Failure to Implement Timely Interventions to Prevent Facility-Acquired Pressure Ulcer
Penalty
Summary
The deficiency involves the facility’s failure to initiate timely and adequate interventions to prevent the development and progression of a pressure ulcer for Resident 27, who was identified as at risk for pressure ulcer development. The resident had multiple diagnoses including diabetes mellitus, osteoarthritis, heart failure, and muscle weakness, and had a BIMS score of five indicating severely impaired cognition. Assessments documented that the resident required extensive assistance of one to two staff for bed mobility, personal hygiene, dressing, repositioning, and transfers, and that she had a urinary catheter for constant urinary retention and incontinence. The MDS and care plans identified the resident as at risk for skin impairment, with a history of refusing to lie down to relieve pressure from the buttocks, and indicated she was on a turning/repositioning program with nutritional or hydration interventions and a pressure-reducing device in her chair. A Braden Scale score of 16 further indicated risk for pressure ulcer development. Despite these identified risks and care plan directives, the resident developed a facility-acquired Stage 2 pressure ulcer on the left buttocks. Weekly wound assessments documented the presence and progression of an open area on the left buttocks, with measurements changing over time, including a lateral opening measuring 2.0 cm by 1.0 cm and later a left inner buttocks wound measuring 3.0 cm by 2.0 cm by 0.5 cm depth, and then 2.0 cm by 3.5 cm by 0.8 cm depth.

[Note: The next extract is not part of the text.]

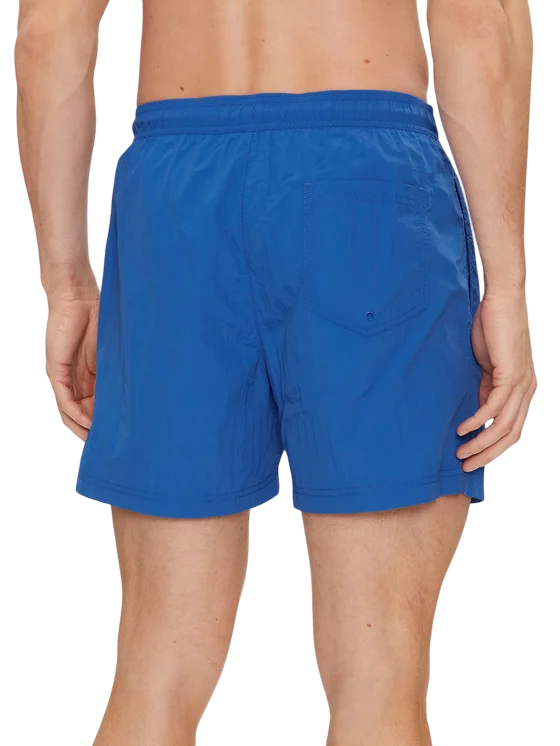 Tommy Hilfiger boxer mare in nylon azzurro UM0UM03147 C6P Tommy Hilfiger beachwear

The record noted that the resident became less mobile after sustaining a left 5th metatarsal fracture requiring a walking boot, and that she was incontinent and preferred to sit in a recliner and wheelchair rather than sleep in bed. The facility’s own Wound Assessment, Prevention and Treatment policy required timely skin assessments, Braden evaluations, and immediate implementation of plans to reduce pressure ulcer risk, but the development of a facility-acquired pressure ulcer under these known risk conditions demonstrated that timely preventive interventions were not effectively implemented.